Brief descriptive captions
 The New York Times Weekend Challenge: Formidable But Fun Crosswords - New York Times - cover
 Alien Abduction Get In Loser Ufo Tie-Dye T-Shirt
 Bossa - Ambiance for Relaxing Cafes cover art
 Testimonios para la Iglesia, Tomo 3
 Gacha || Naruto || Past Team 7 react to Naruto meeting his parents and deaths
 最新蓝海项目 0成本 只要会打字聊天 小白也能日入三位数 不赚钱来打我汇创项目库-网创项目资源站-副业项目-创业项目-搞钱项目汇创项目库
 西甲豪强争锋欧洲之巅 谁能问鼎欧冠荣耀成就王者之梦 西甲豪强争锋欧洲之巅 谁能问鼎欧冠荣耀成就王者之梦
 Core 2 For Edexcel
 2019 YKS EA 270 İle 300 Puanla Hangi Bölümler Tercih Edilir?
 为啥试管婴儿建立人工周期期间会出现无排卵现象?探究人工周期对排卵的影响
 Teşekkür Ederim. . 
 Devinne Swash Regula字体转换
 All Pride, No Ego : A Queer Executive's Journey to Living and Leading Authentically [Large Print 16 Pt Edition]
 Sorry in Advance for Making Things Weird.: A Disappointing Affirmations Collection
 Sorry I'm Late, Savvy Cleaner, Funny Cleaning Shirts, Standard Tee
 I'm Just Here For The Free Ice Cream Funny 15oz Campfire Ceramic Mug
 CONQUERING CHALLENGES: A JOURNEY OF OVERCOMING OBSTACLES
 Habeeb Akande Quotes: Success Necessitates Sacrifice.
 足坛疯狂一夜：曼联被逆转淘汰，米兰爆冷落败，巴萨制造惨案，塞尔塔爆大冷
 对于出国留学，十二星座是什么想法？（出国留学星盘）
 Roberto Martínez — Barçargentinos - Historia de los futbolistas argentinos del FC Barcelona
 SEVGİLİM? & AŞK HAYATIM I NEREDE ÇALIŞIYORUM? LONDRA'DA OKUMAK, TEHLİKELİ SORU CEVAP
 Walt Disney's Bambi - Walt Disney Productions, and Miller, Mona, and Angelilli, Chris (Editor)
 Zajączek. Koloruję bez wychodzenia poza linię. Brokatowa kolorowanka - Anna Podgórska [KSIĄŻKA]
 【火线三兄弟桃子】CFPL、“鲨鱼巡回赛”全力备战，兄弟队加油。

| WORK REQUIRED |
Extract exactly and only the lines above from the line containing "Roberto Martínez —" through the line containing "Walt Disney's Bambi", both end lines included.

| SOLUTION FOR THIS PROBLEM |
 Roberto Martínez — Barçargentinos - Historia de los futbolistas argentinos del FC Barcelona
 SEVGİLİM? & AŞK HAYATIM I NEREDE ÇALIŞIYORUM? LONDRA'DA OKUMAK, TEHLİKELİ SORU CEVAP
 Walt Disney's Bambi - Walt Disney Productions, and Miller, Mona, and Angelilli, Chris (Editor)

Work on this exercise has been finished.